他看着那碗药性猛烈的汤药,沉默了许久。
而后心底缓缓浮起一个念头——罢了。
不是心中毫无割舍之意,而是这份天赐羁绊根本无从斩断。
这份天命宿缘好似牢牢与他自身气韵相融,方才四副药性霸道的汤药轮番冲撞,半点没能撼动分毫,反倒他周身气血自发护住了这缕伴身瑞气。这是命中注定的机缘,是上天降下的专属吉兆。
上天亲手赠予的机缘,凡人岂能强行违逆?
胤禛忽然低低笑了一声,笑意里掺着无力与苦涩,又藏着一缕连自己都分辨不清的释然。
“把汤药撤下去倒掉。”他开口吩咐。
苏培盛一愣:“王爷?”
“尽数倒干净,往后不必再熬制这类猛药。”胤禛将瓷碗递了出去。
苏培盛先前虽被王爷支开,不曾旁听府医诊脉,却全程守在煎药之处,王府里这番异样动静他尽数看在眼里。
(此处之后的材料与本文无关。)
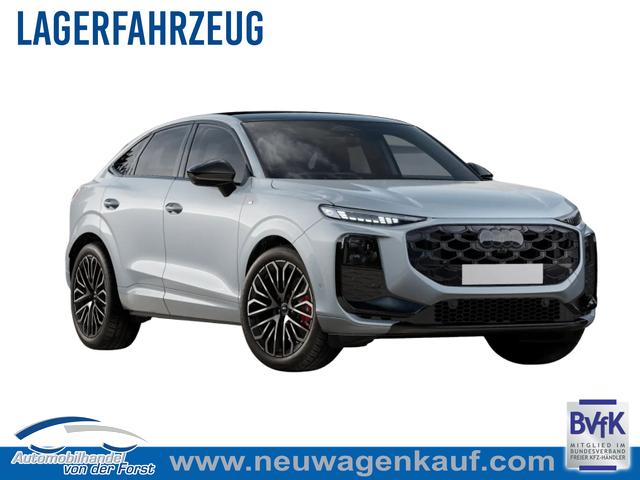 Audi Q3 - Sportback NEU TFSI 265 PS quattro S line Pano+TechPro+Matrix+AHK+HUD+Alu20+KlimaPlus+DCC+SONOS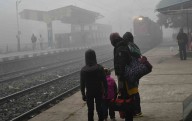 20 Delhi-bound trains delayed due to fog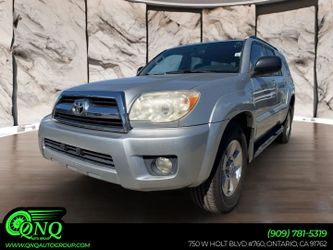 2006 Toyota 4Runner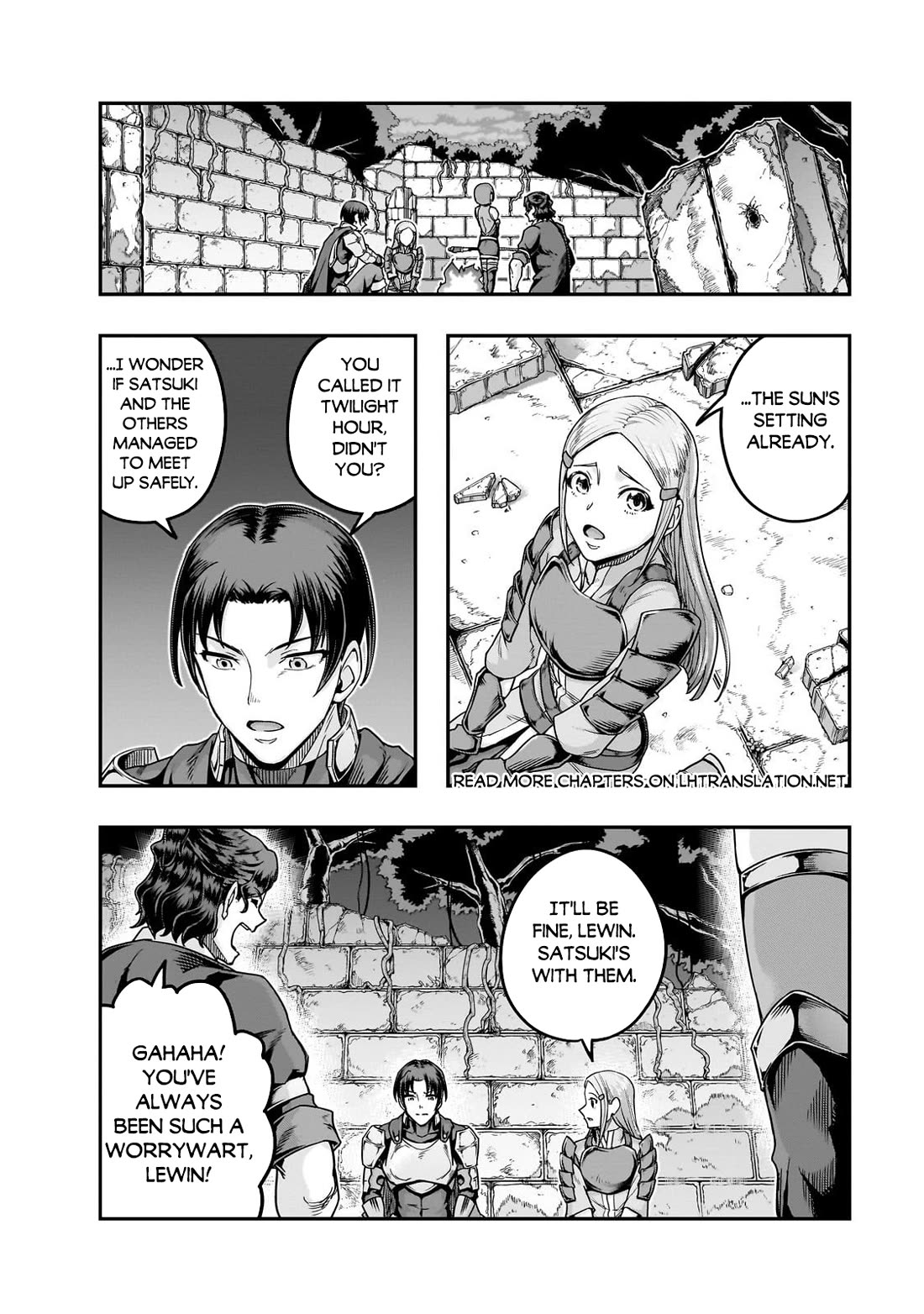 I Became the Strongest With the Failure Frame "Abnormal State Skill" as I Devastated Everything Chapter 63 page 17 - Chapter 63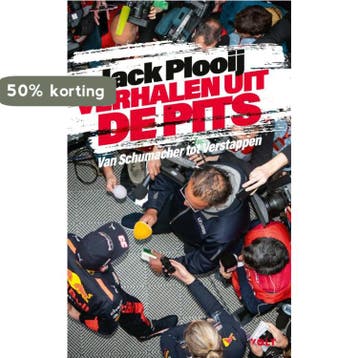 Verhalen uit de pits - Jack Plooij 9789021416311, Verzenden, Gelezen, Jack Plooij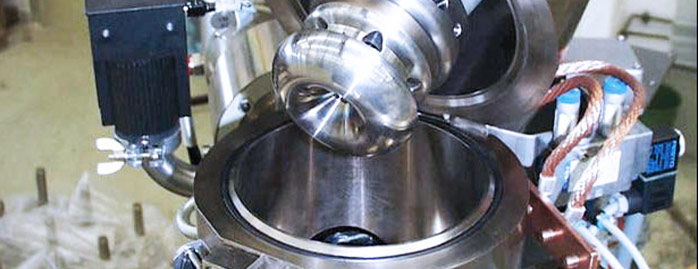 Elektronenstrahl-Generator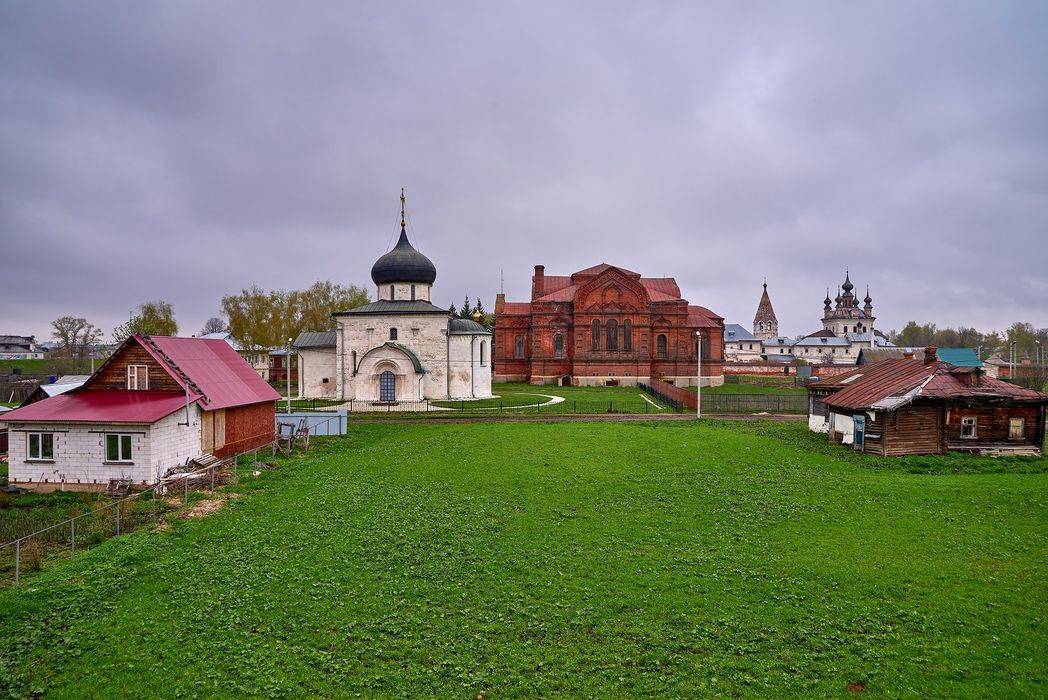 Юрьев-польский достопримечательности, фото и описание, что посмотреть в городе владимирской области,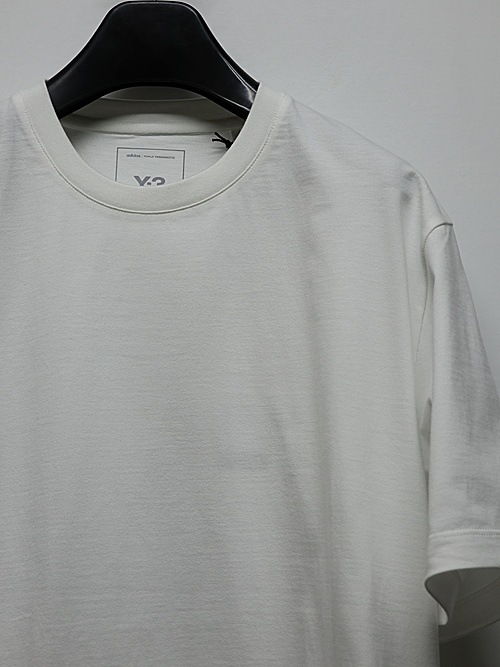 SALE40%OFF/Y-3���磻���꡼/GFX SS TEE 1/CWHITE.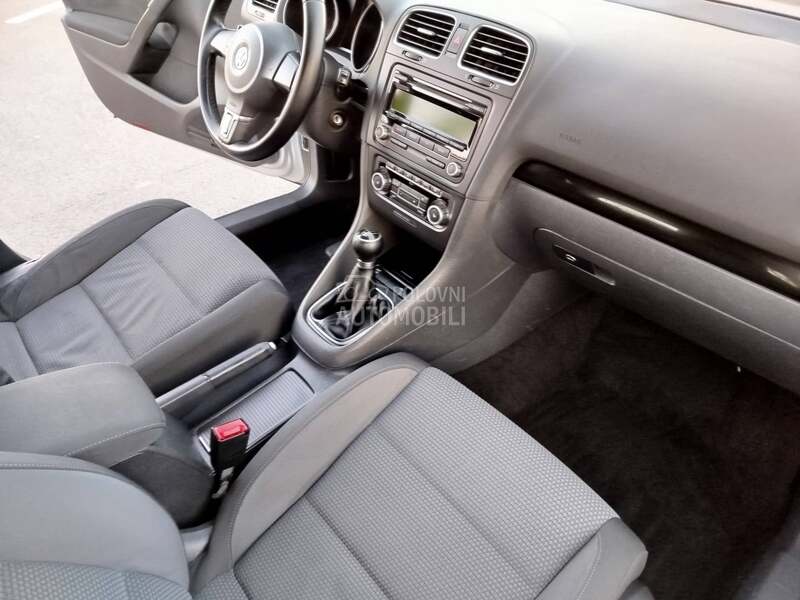 Volkswagen Golf 6 BAŠ DOBAR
他心中惊涛翻涌,面上却不敢流露半分颤抖,恭谨捧着药碗退出门外。
胤禛示意周府医先行退下,此刻他只想独自静思,偌大书房只剩他一人静坐。
他向后倚靠在椅背,指尖轻轻贴在胸腹之间,一缕绵长温润的祥气萦绕此处,暖意柔和绵长。
胤禛眼眶骤然一热,泛起浅红。
“这份天命羁绊,”他嗓音压得极低,唯有自己能够听见,“怎会这般难舍难分。”
胸腹间流转的温软气韵似是轻轻呼应,无声传递出不愿分离的心意。
胤禛缓缓合上双眼,一滴清泪顺着眼角滑落,悄无声息渗入衣襟。
他是朝堂亲王,皇室天胄。
古往今来从未有这般瑞气独附男子一身的先例,一旦消息外泄,朝野动荡、政敌攻讦接踵而至,他万万不能拿自身权位乃至大清安稳去赌这份未知机缘。
可这份天命牵绊,任凭他用尽法子也无法割裂。
数副药性至烈的汤药轮番冲击,终究没能打散这份与生俱来的祥气相守。
也罢……索性顺从上天安排。
胤禛深吸一口气,拭去眼角湿意,重新敛去心绪,恢复了往日沉稳无波的模样。
他传唤苏培盛入内,压低声音交代数桩要紧事。
第一,从今往后,府内上下任何人不得打探他的身体状况,所有问诊记录全部焚毁;周府医暂居王府别院,不许私自外出、不得归家,断绝一切对外书信往来。